Merrick v. Trustees of the Bank

8 Gill 59
CourtCourt of Appeals of Maryland
DecidedJune 15, 1849
StatusPublished
Cited by19 cases

This text of 8 Gill 59 (Merrick v. Trustees of the Bank) is published on Counsel Stack Legal Research, covering Court of Appeals of Maryland primary law. Counsel Stack provides free access to over 12 million legal documents including statutes, case law, regulations, and constitutions.

Bluebook
Merrick v. Trustees of the Bank, 8 Gill 59 (Md. 1849).

Opinion

Frick, J.,

delivered the opinion of this court.

The claim of the plaintiffs (the present appellees,) has its origin in a note discounted at the Bank, of the Metropolis, in the District of Columbia, of the following tenor:

“$1,200. Washington, 30th October, 1843.

Four months after date, we jointly and severally promise to [65]*65pay to the Bank of the Metropolis, or order, twelve hundred dollars, for value received. James W. McCuli.oh,

Wm. D. Merrick.”

On the back of the note is the following endorsement:

“Pay to John P. Vanness, John Boyle, Thomas Carbery, Nathaniel P. Causin, George W. Graham, Charles Hill, Lewis Johnson, John W. Maury, George Parker, and James Thompson, trustees of the Bank of the Metropolis, or their order. John P. Vanness, Pres’t.”

At maturity the said note was not paid, and remained a part of the assets of the Bank on the 3rd of July, 1844, when the charter was about to expire. In anticipation of this event, the stockholders had assembled to deliberate upon the further disposition of the assets of the bank, and the requisite representation in number and amount of shares, and more than a majority of the shares of stock, being present, to provide for the existing state of affairs, they resolved: “ That the entire pro-

perty and assets of the bank should be assigned and conveyed over to trustees;” and after providing for the payment of the debts, deposits and circulation of the bank, further resolved, “that the president and directors be instructed to cause to be prepared and executed such deeds as may be best adapted, in their judgment, to secure the objects of their meeting; and after providing for the fulfilment of all the obligations of the bank, to manage and conduct the affairs and properly in their hands, as will most nearly correspond with the present and past business of the institution.” And further, “that when the trustees shall be appointed as aforesaid, the cashier be, and he is directed and empowered to assign, transfer and endorse to them all notes, bills, and other evidences of debt, and all other personal property, &c., belonging to the bank, which may require to be thus transferred.”

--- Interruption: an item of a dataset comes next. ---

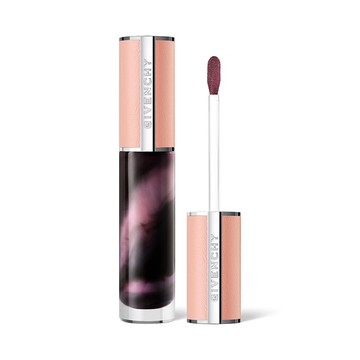 Givenchy Rose Perfecto Black Pink Liquid Lip Gloss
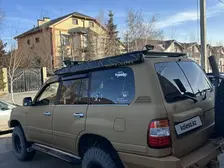 Toyota Land Cruiser, 2007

It having been determined that the president and directors of the bank should be constituted the future trustees, it was deemed advisable thus, in the first instance, to convey to an intermediate agent, and Rickard Smith, the cashier of the bank, was selected, to whom the president and directors were [66]*66required to execute the deed of assignment; and Smith was, thereupon, to re-convey to the individuals who constituted the then president and directors of the institution, as trustees, and by them the business of the institution was to be thenceforth conducted, under the designation of Trustees of the Bank of the Metropolis. ” In pursuance of these resolutions of the stockholders, the deed of assignment reciting all these proceedings, was executed to Smith, of all the estate of the bank, bills, bonds, notes, &c., in trust, that he should assign and transfer the estate, and all the property, right, claim and demand conveyed to him by the deed, to the present plaintiffs, as the trustees selected by the stockholders, for the uses and purposes expressed in the resolutions adopted by them at their general meeting. And in conformity with this arrangement, Richard Smith, on the same day, (the 3rd of July, 1844,) re-conveyed and assigned to these trustees all the property and estate so conveyed to him, to be held by them for the uses and purposes expressed in the resolutions of the stockholders, and the deed of trust executed to him by their directions.

On the same day the board of directors of the bank met, and it was then ordered, “that all the stocks standing in the name of the bank, or of Richard Smith, cashier, hypothecated to the bank, should be transferred to Richard Smith; that the funds of the bank, when counted and delivered up by the cashier to the trustees, should again be placed in the hands of Richard Smith, as cashier of the new concern; and further, that all notes payable to the president and directors of the bank, be endorsed by General Vanness, as president of the bank, and the seal of the bank affixed, when necessary.”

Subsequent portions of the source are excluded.